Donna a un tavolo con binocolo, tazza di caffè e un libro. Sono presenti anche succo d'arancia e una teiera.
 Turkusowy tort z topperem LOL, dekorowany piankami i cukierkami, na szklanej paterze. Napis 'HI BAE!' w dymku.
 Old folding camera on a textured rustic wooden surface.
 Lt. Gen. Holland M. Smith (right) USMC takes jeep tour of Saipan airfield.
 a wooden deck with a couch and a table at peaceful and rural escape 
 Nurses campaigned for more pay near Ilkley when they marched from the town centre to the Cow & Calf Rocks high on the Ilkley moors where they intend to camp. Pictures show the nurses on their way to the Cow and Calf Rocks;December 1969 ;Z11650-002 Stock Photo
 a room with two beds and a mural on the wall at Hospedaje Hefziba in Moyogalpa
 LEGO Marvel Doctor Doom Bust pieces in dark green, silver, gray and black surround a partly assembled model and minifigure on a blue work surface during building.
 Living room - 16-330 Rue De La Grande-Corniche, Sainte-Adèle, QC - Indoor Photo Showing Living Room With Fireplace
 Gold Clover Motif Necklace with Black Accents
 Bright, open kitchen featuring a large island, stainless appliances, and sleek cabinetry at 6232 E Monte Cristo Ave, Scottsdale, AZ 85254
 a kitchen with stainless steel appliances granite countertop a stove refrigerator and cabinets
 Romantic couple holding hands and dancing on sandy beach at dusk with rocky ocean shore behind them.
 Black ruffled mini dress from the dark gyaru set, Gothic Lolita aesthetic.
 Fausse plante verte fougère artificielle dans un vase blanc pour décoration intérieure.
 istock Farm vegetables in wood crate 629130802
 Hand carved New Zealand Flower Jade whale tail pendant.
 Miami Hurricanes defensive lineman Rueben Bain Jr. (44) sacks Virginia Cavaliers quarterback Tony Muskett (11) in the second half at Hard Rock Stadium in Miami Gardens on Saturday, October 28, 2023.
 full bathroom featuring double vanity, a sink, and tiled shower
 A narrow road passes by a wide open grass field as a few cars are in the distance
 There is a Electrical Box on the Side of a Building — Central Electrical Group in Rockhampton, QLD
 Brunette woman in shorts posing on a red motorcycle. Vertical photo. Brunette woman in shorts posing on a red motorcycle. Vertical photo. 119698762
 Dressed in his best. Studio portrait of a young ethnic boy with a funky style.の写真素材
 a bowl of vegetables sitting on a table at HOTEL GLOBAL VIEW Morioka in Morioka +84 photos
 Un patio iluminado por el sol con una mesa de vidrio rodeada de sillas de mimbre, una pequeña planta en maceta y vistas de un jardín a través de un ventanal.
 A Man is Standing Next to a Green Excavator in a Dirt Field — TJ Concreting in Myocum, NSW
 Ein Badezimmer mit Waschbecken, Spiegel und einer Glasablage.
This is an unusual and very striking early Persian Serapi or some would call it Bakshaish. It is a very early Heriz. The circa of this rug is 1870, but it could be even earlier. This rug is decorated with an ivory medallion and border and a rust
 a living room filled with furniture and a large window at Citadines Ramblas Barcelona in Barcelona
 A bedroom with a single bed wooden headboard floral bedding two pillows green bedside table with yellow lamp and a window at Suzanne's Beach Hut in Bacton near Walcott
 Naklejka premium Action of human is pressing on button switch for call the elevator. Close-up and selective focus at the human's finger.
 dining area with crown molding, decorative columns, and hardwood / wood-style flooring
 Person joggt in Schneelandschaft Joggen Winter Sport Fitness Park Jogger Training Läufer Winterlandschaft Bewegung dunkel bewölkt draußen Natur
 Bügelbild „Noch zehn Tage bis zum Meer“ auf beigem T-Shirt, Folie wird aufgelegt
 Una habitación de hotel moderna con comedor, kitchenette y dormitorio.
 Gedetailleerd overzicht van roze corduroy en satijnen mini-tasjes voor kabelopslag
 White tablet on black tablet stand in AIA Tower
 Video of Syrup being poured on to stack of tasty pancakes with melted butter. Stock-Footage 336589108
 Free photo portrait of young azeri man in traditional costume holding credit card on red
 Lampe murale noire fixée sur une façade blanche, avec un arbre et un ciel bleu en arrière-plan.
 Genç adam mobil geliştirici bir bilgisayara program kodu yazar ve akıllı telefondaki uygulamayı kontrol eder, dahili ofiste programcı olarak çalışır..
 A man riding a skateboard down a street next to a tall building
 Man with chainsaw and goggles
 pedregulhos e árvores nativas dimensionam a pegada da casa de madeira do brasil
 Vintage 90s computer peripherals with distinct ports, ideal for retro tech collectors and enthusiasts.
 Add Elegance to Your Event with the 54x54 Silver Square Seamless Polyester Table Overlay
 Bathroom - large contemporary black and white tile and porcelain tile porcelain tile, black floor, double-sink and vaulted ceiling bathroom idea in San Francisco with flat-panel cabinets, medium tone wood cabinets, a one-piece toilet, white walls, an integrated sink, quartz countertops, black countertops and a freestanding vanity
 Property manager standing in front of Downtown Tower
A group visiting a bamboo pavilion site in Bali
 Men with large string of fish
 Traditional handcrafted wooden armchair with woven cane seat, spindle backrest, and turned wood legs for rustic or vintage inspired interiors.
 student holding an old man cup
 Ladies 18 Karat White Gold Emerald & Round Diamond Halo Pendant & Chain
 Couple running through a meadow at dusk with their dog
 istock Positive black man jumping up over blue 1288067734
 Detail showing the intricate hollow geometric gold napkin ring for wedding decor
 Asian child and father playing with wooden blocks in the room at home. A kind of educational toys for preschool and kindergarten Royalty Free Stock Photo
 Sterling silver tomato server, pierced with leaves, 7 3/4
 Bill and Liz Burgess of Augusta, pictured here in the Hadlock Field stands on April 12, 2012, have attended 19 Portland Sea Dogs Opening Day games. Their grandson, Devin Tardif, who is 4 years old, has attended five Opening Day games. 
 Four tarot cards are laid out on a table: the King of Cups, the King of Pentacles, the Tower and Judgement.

▶ [Exercise aim] Repeat exactly the lines from the one containing "Detail showing the" to the end of the records.

▶ [Task response]
 Detail showing the intricate hollow geometric gold napkin ring for wedding decor
 Asian child and father playing with wooden blocks in the room at home. A kind of educational toys for preschool and kindergarten Royalty Free Stock Photo
 Sterling silver tomato server, pierced with leaves, 7 3/4
 Bill and Liz Burgess of Augusta, pictured here in the Hadlock Field stands on April 12, 2012, have attended 19 Portland Sea Dogs Opening Day games. Their grandson, Devin Tardif, who is 4 years old, has attended five Opening Day games. 
 Four tarot cards are laid out on a table: the King of Cups, the King of Pentacles, the Tower and Judgement.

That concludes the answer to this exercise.